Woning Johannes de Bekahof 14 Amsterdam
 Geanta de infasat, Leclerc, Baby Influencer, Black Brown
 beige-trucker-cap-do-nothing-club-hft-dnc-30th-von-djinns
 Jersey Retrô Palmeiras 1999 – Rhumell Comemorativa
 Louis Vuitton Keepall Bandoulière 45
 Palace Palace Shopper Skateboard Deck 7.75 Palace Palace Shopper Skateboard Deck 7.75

· · · · · · ·

__Work order__:
For each entry above, please make an exact copy.

__Exercise solution__:
Woning Johannes de Bekahof 14 Amsterdam
 Geanta de infasat, Leclerc, Baby Influencer, Black Brown
 beige-trucker-cap-do-nothing-club-hft-dnc-30th-von-djinns
 Jersey Retrô Palmeiras 1999 – Rhumell Comemorativa
 Louis Vuitton Keepall Bandoulière 45
 Palace Palace Shopper Skateboard Deck 7.75 Palace Palace Shopper Skateboard Deck 7.75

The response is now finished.